I think Austen clearly admired people who could keep their emotions in check. And yet, in Persuasion, one of Anne's objections to her cousin, Mr. Elliot, is that everything he says is so proper, she never hears any passion (meaning strong opinion, not romance) from him. (I hope I'm right in remembering that this is in the book as well as in the movie. I will go check later today when time permits.)
Jane Austen's Men
There is an interesting article in the most recent Persuasions (comes from JASNA) about Austen's men. According to the article in the years before 1800 (I'm not going to remember the exact dates) men dressed in colorful, ostentatious displays of wealth and were admired for equally generous displays of feeling, weeping, etc. Then fashions changed. Colors and fancy clothing were seen as feminine and so were displays of feelings. The admirable man became the Byronic model -- complex, dark, closed off. The template for today's romance novel was created, partly by Austen -- a taciturn, yet strong-feeling man falls in love. The climax of the story comes when the man confesses to the woman that he needs her in order to be emotionally complete or sound. The way Darcy tells Elizabeth that she properly humbled him. I'm not sure where I'm going with this. It seemed interesting and apropos to the discussion of the types of men and women Austen seems to admire.

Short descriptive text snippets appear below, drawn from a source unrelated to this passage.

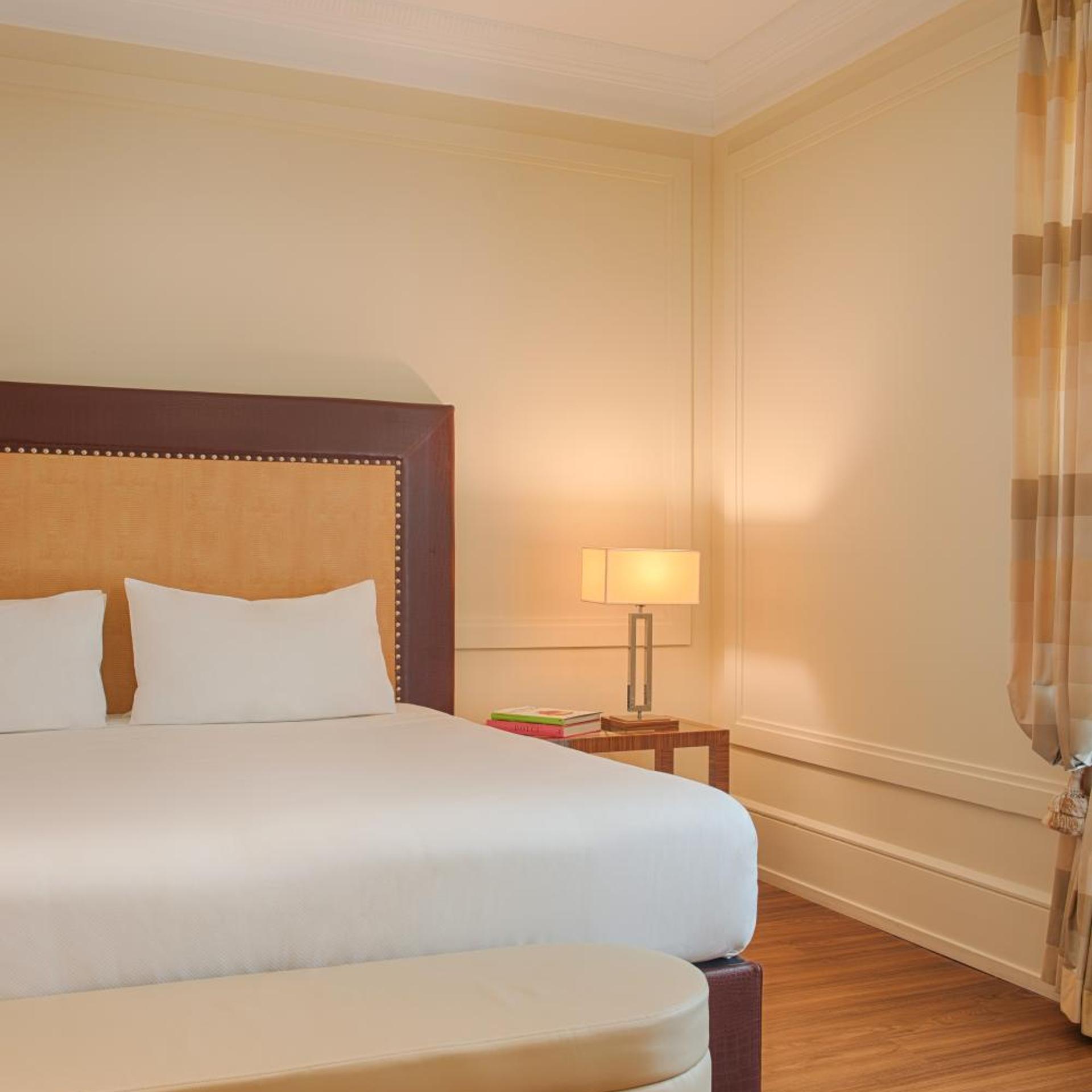 Family Suite, Suite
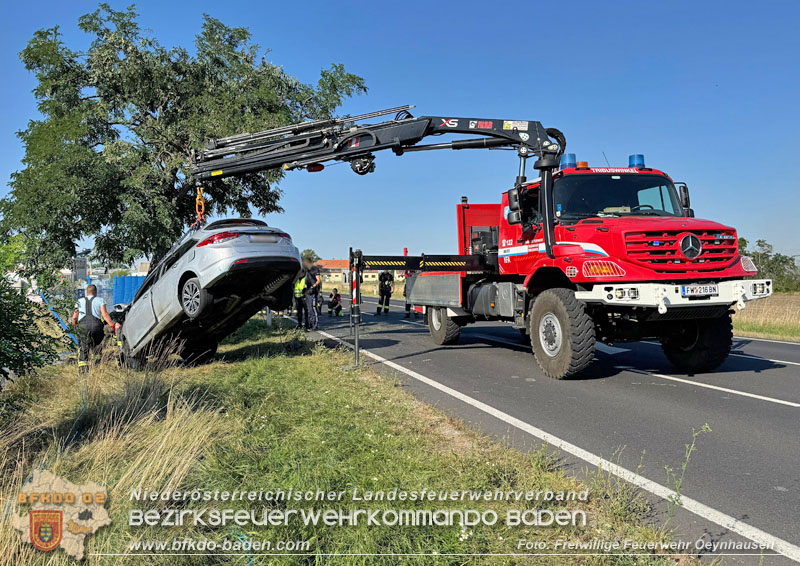 20250819_Verkehrsunfall auf der B17 zwischen Oeynhausen und Günselsdorf Foto: Freiwillige Feuerwehr Oeynhausen 20250819_Verkehrsunfall auf der B17 zwischen Oeynhausen und Günselsdorf Foto: Freiwillige Feuerwehr Oeynhausen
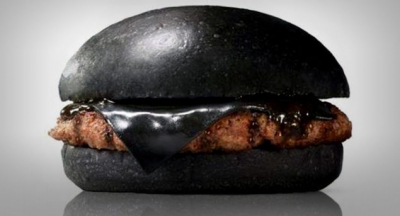 Burger King Black. Cel mai ciudat sandwich din lume 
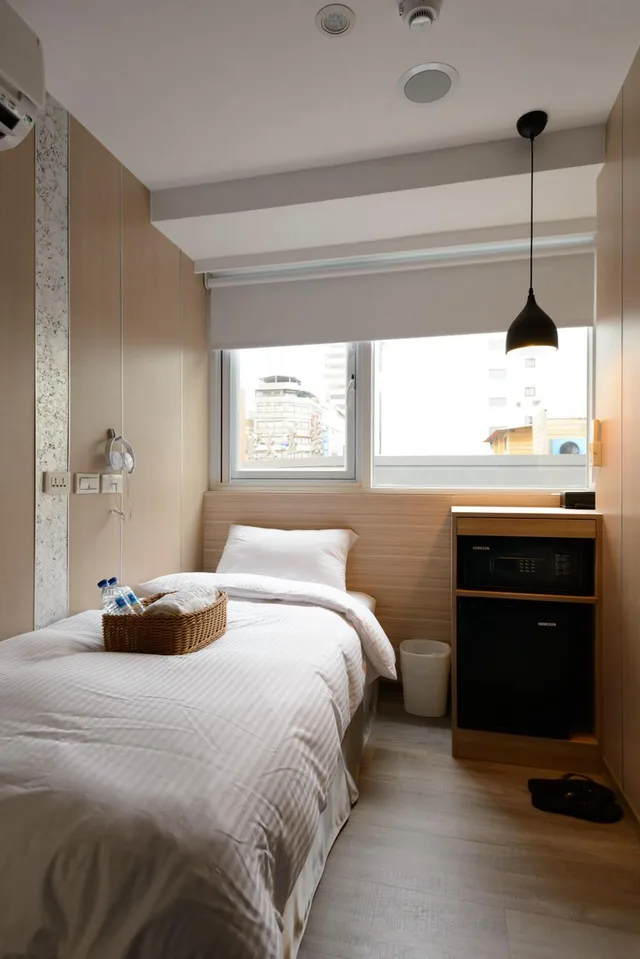 غرفة مفردة بحمام مشترك، Poshpacker Hotel 2/9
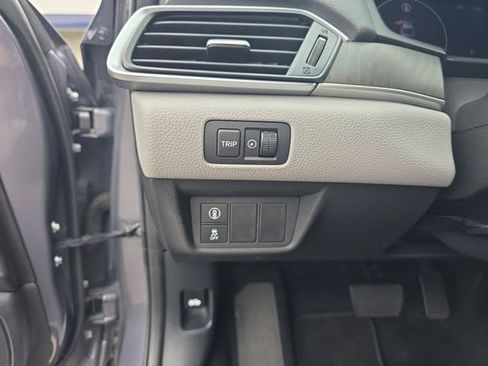Used 2020 Honda Accord EX image 18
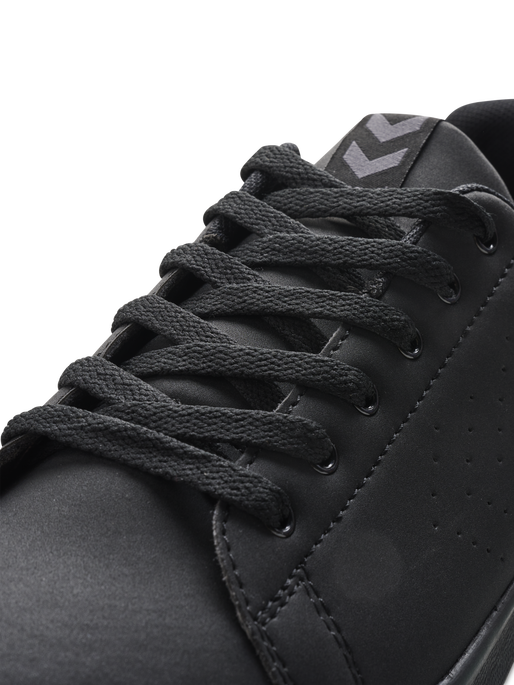 Hummel Men's Busan Synth. Nubuck Casual Shoe Hummel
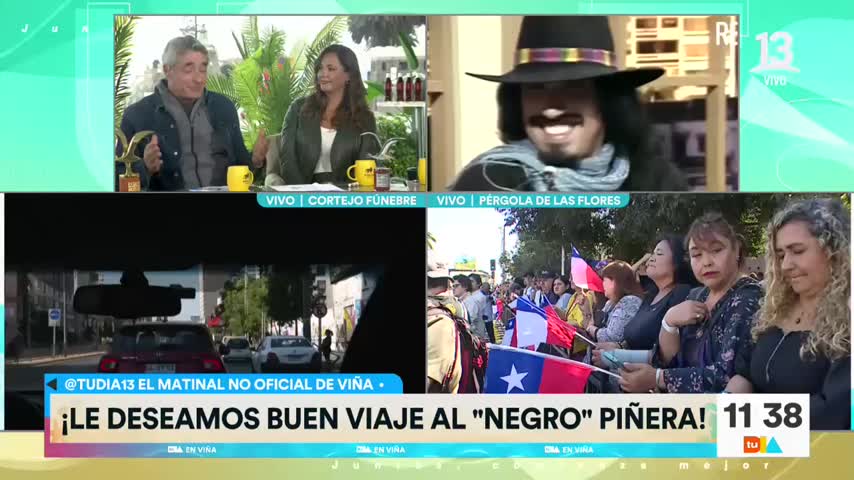 La gente despide con aplausos a Miguel "Negro" Piñera. 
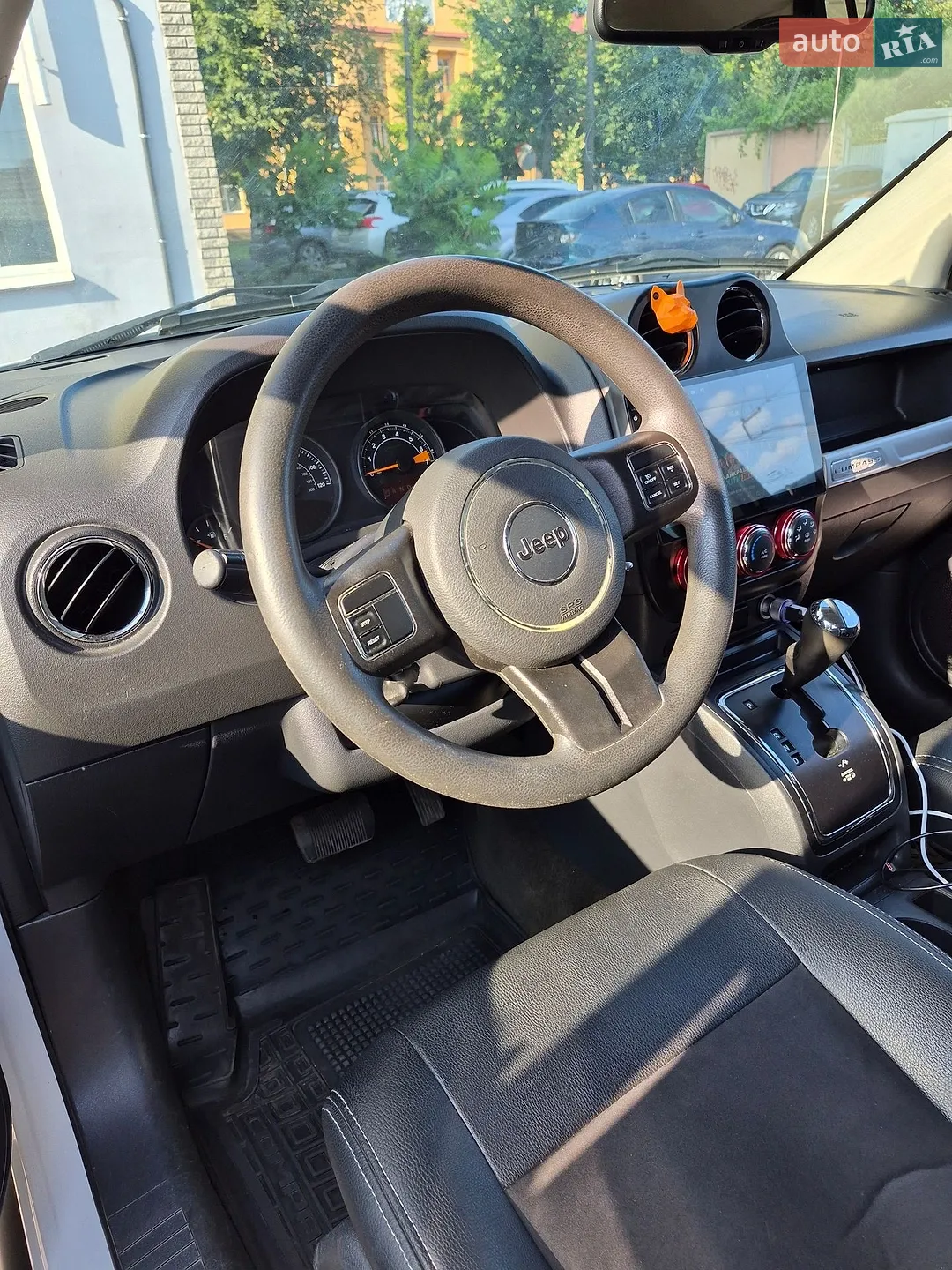 2016 Jeep Compass - мініатюра 9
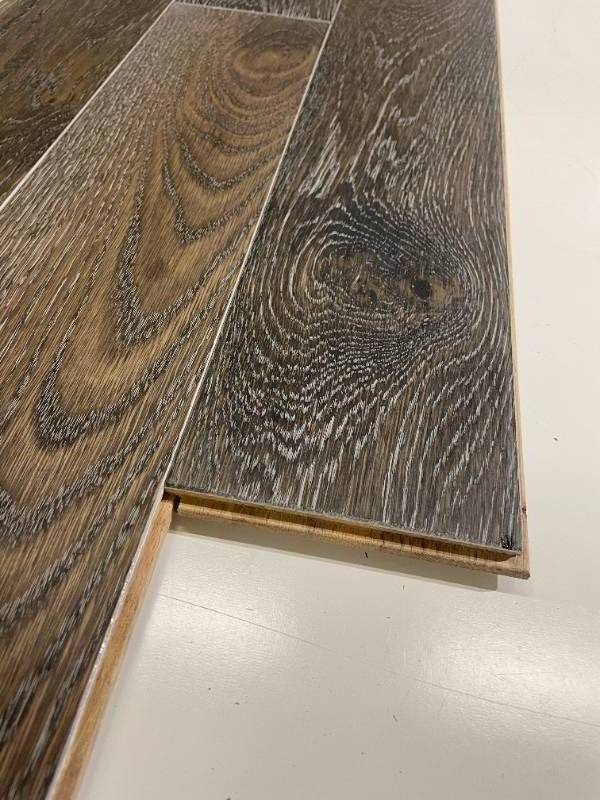415 SF Solid Oak Prefinished E2 Wire-brushed Flooring. EXTREMELY NICE Flooring WB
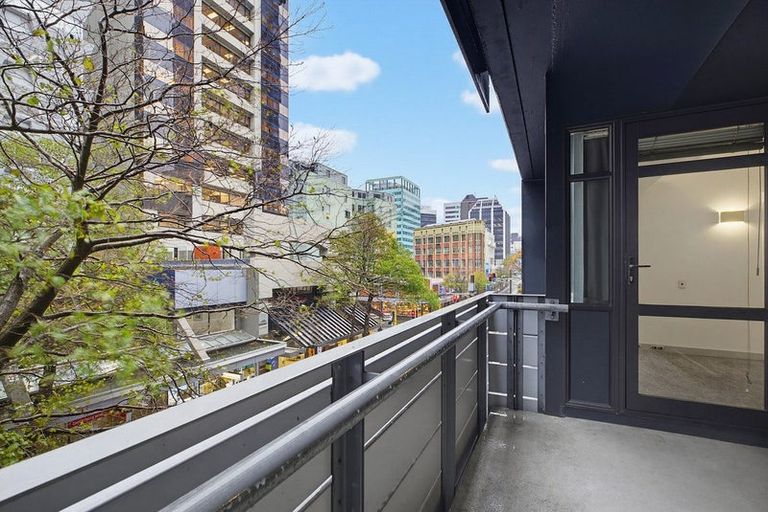 Photo of property in Gerondis Bldg Apartments, 201/60 Willis Street, Wellington Central, Wellington, 6011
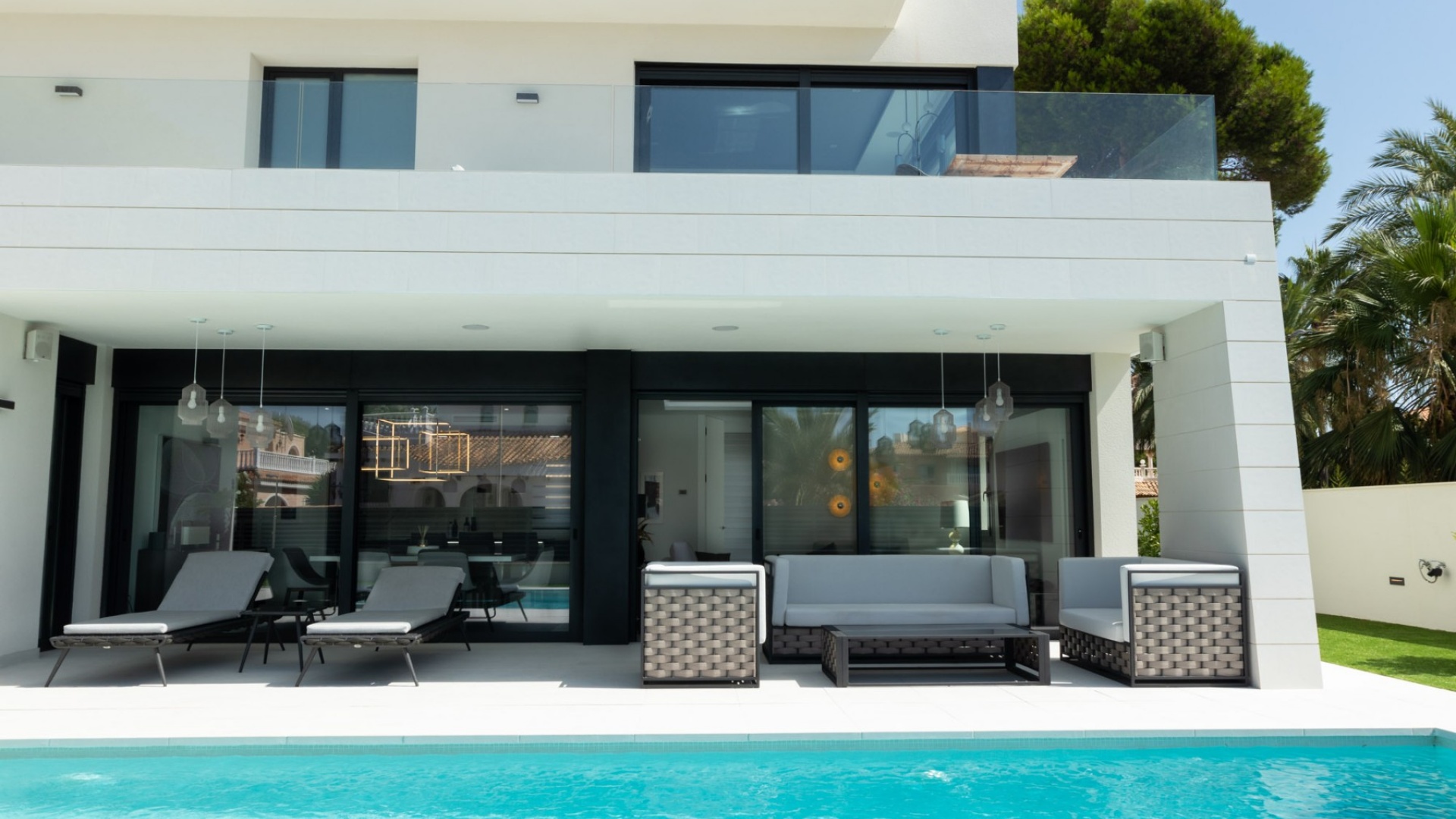 Resale - Villa - La Zenia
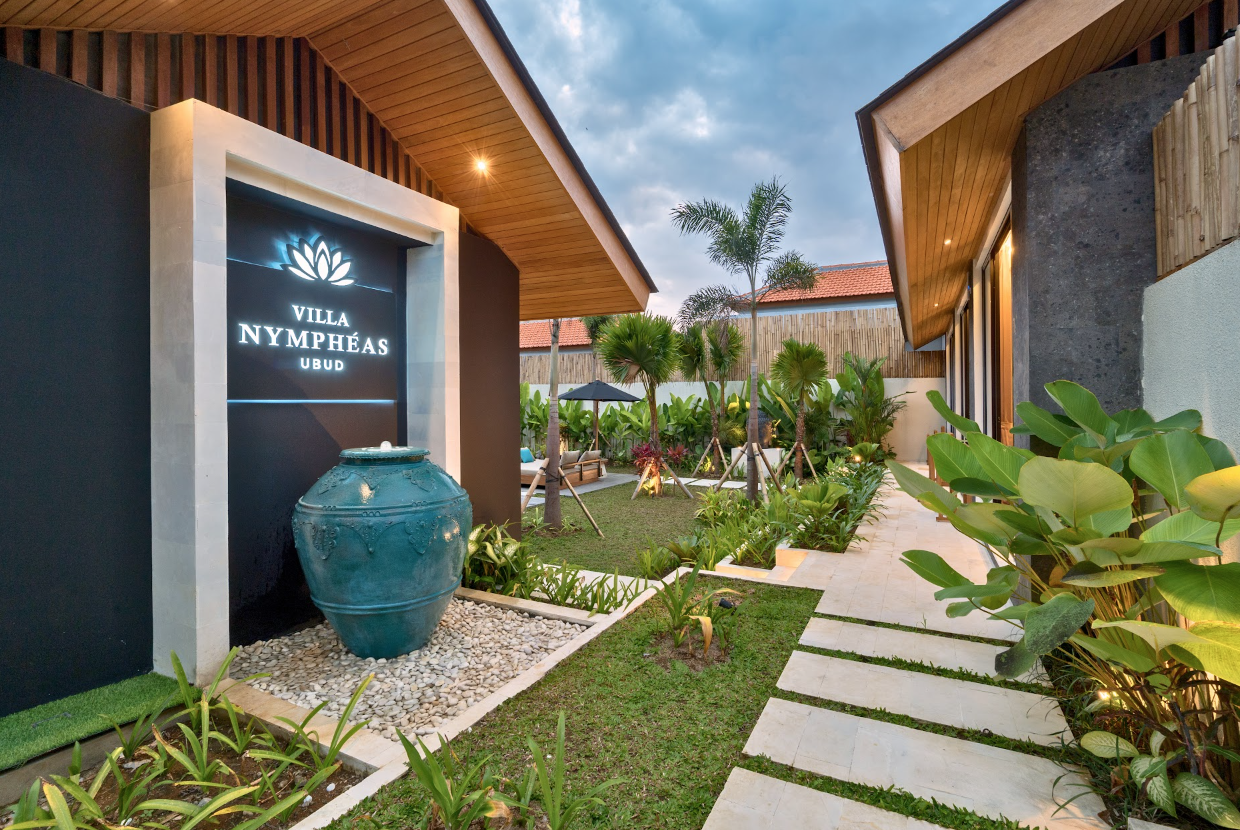 Entrée de la villa nymphéas avec Fontaine lumineuse Ubud Bali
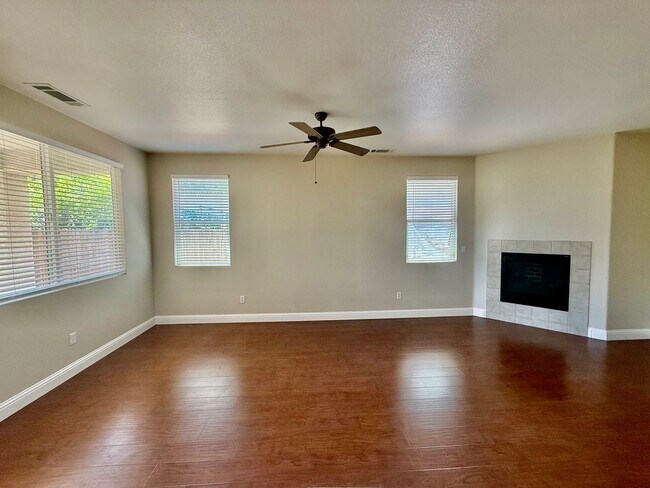 Building Photo - Beautiful home near Woodcreek high school
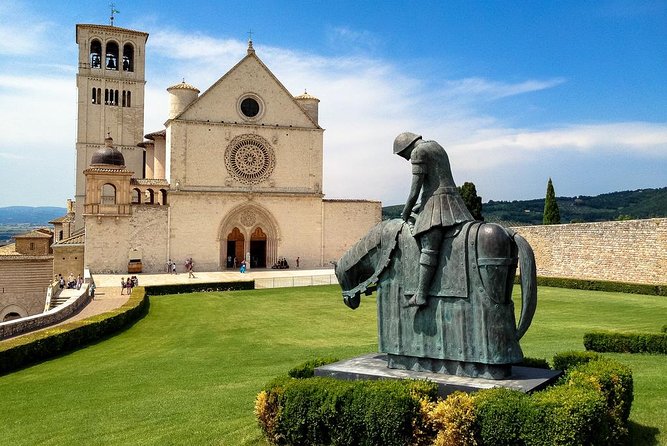Small Group Tour of Assisi and St. Francis Basilica - The Lower Basilica: a darker setting for St. Francis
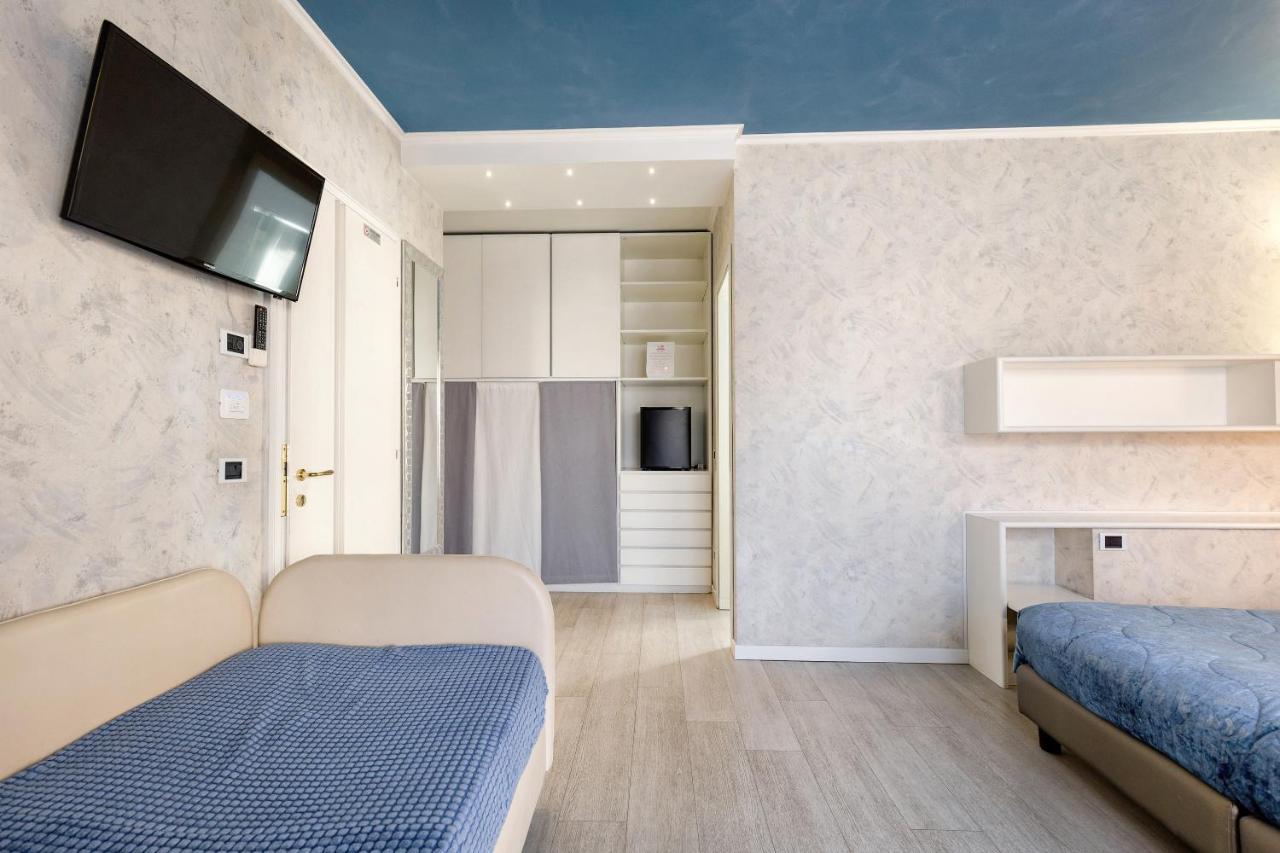 דסנזאנו דל גארדה Hotel Villa Lilla מראה חיצוני תמונה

May also be why Tilney never seems to quite fit the mold of the other heroes. He was her first and maybe fell in the period when fashions were changing? Of course, Edmund seems quite able to express his emotions, too. But the article suggested that Austen seems suspicious of men who express themselves easily, like Wickham, and cousin Elliot, and Willoughby.
Personally, I like a fast-talking man. But I wasn't silly enough to marry one.
Karen Fowler's Characters
Most of my characters began with Austen's characters, but then went their own ways. I think that Sylvia has Anne's willingness to sacrifice her own interests to those of the family and her ability to endure in an unhappy situation.. But one of her primary characteristics, to me, is her expectation of imminent catastrophe -- she has trouble enjoying the good times, because she always expects them to end. I don't see that in Anne.
I just got a lovely email from a friend who said his favorite part of my book was the email exchanges between Grigg's sisters. He said that they reminded him of ancient Greek plays, where the gods decide to come down from Olympus to fix things. I would never have thought of that myself, but I was pretty tickled by it.
Prudie is already well married, so she doesn't need a happy ending. What she needs is a happy beginning. When her mother dies, she loses the only person who could have told her what really happened to her as a child and what was only fiction. I think Dean is a good husband to her and I gauge her chances of happiness as about equal to anybody's. I guess, more than the others, she represents some writerly quandries to me. There is a confusion of fiction and reality in her past and a preference for fiction in her present. I, too, can (easily) imagine a better world than the one we've got. It's a source of sorrow, anger, and also inspiration to me.
The appendixes were my editor's idea and a real treat to do. I'm still reading masses of Austen criticism when I should be moving on to my next book. I will have to tear myself away.
A couple of the questions posed by my characters in the reader's guide are of real interest to me. One of them has also been posed here, but no one has answered -- what do you do when someone insists on pressing on you a book you have no intention of reading? We need Ms. Manners on this one.
Final note - We have nothing but black cats in our house. Two of them.